Yes, well thank you Sidney. I think it really goes back and numbers of years ago that we made investments and people on the ground and Korea was an example more application support in the West Coast and really focusing on really the type of technology that is enabling our customers to make significant advancements in their own product development.
So I think the Korea strategy certainly is paid off in a big way for us, we are - have wins across the board with all the major OEMs there as well as the smaller ones, we really localize at this point.
We also had some competitive programs internally in the company to look at places where we thought we continue to roll the business in a significant way, I won't get into all of them those are something that we keep close to the vest here, but those targets that we've had in terms of growing the business and gaining share appear to be paying dividend and I think we just, we won awards the last three or four years if you look, there was one from end users or from our OEMs.
They're continuing to see the value that MKS' has a technology partner, a trusted partner, a financial capable partner, operationally excellent partner, a worldwide footprint partner. We're seeing gains in China.

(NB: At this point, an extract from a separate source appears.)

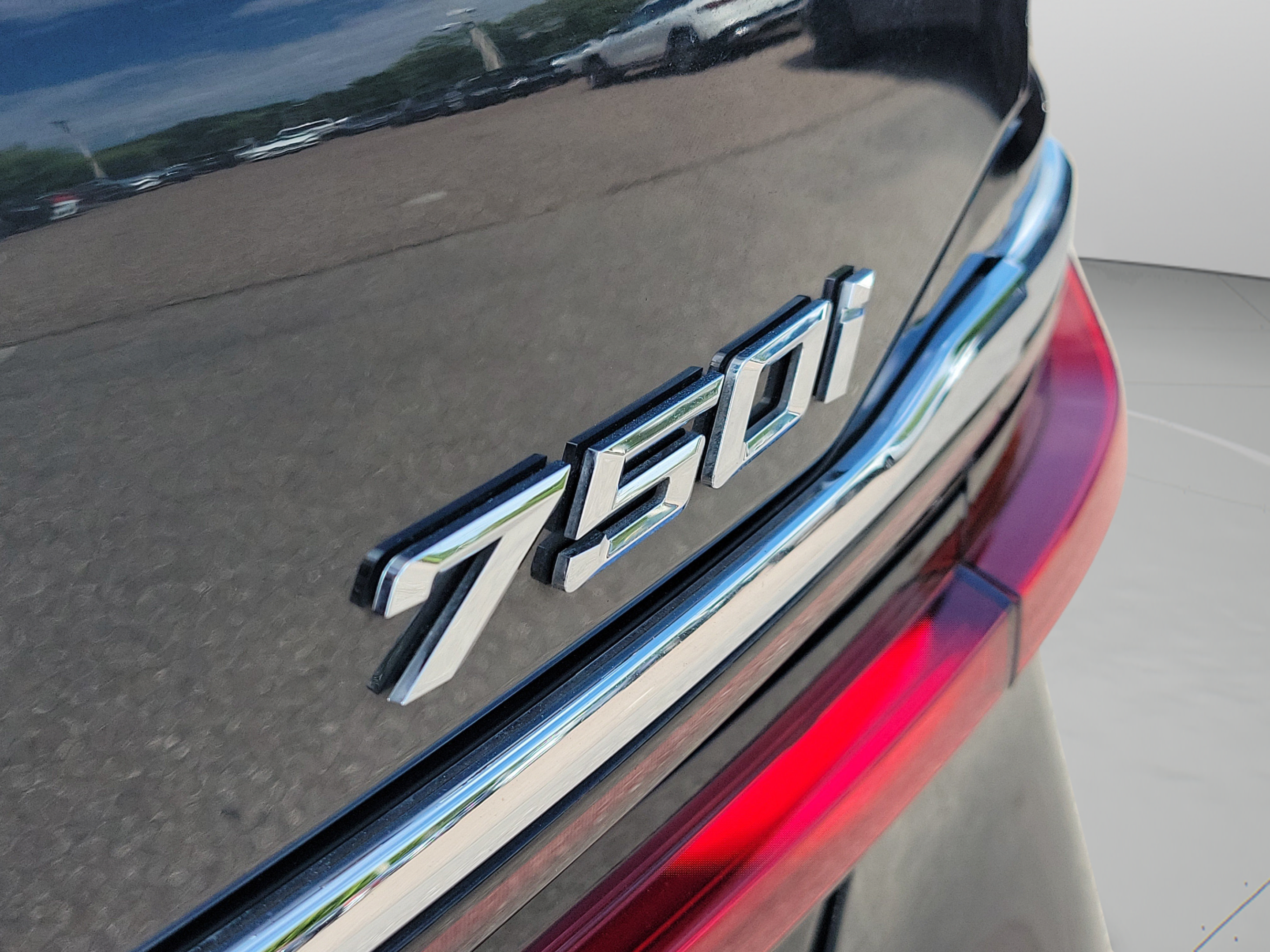 Used 2022 BMW 750i xDrive AWD/4WD image 34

So I just think it's just the investment made in people, technology, our customers, various markets and it's all coming to there in the last few years in particular in this year. We continue to focus in on for next year, our customers are reflecting continued growth.
We see WFE maybe up 5%, whatever it is we would be displeased if we didn't outpaced that growth rate, hopefully that China strategy will continue to pay dividends positioning ourselves with companies like AMEC [indiscernible], so I think it's just the whole investment and our reputation.
I think we have a tremendous brand, we're well respected a company and customers are coming to us and we're providing them the capability that they need..
That's great. That's helpful. My follow-up question is thing with the semiconductor is, you're clearly benefiting from your customers in etch and deposition. How should we think about your position with your new set of customers in lithography and metrology inspection side.
Do you think you have similar share with those customers as your dep and etch customers. And can you help us understand follow-up to that.
Can you help us understand the opportunity in etch and dep versus litho and metrology, market share aside, is it more beneficial for you having a $1 billion increase in spend WFE spending in dep and etch or is it better to have $1 billion investment in inspection..
Sidney, this is John Lee. The litho and inspection customers that were brought in within Newport acquisition we have good share with them, but I would say that the potential to gain more share with them relative to our customers in dep and etch, is there as well.
So actually we see, good share, but we see opportunity for even more share gains in those customer base.
And then your question is, with respect to is better for dep and etch to grow versus litho and that's of course certainly when dep and etch grow because EUV has been pushed out last couple of years, that's been a great benefit to our business, but right now we see both growing the litho as well as The dep and etch and so we would prefer that both OEMs grow and both of those segment grow, so we're planning on that..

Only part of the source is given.